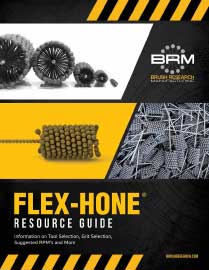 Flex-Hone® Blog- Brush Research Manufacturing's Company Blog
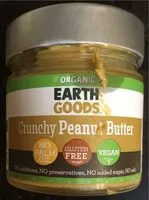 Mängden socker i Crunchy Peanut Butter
* * *
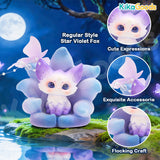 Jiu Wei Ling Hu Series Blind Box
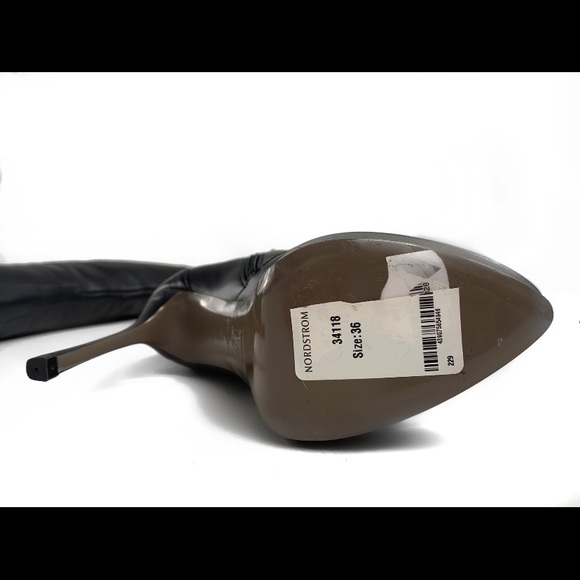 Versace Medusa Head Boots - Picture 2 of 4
---
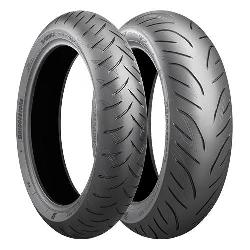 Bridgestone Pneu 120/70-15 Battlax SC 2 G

◆ **TASK STATEMENT**
Starting at the line above with "Jiu Wei Ling Hu Series Blind Box", output every line exactly up to and including the line with "Versace Medusa Head Boots - Picture 2 of 4", but none of the pictures.

◆ **WRITTEN RESPONSE**
 Jiu Wei Ling Hu Series Blind Box
 Versace Medusa Head Boots - Picture 2 of 4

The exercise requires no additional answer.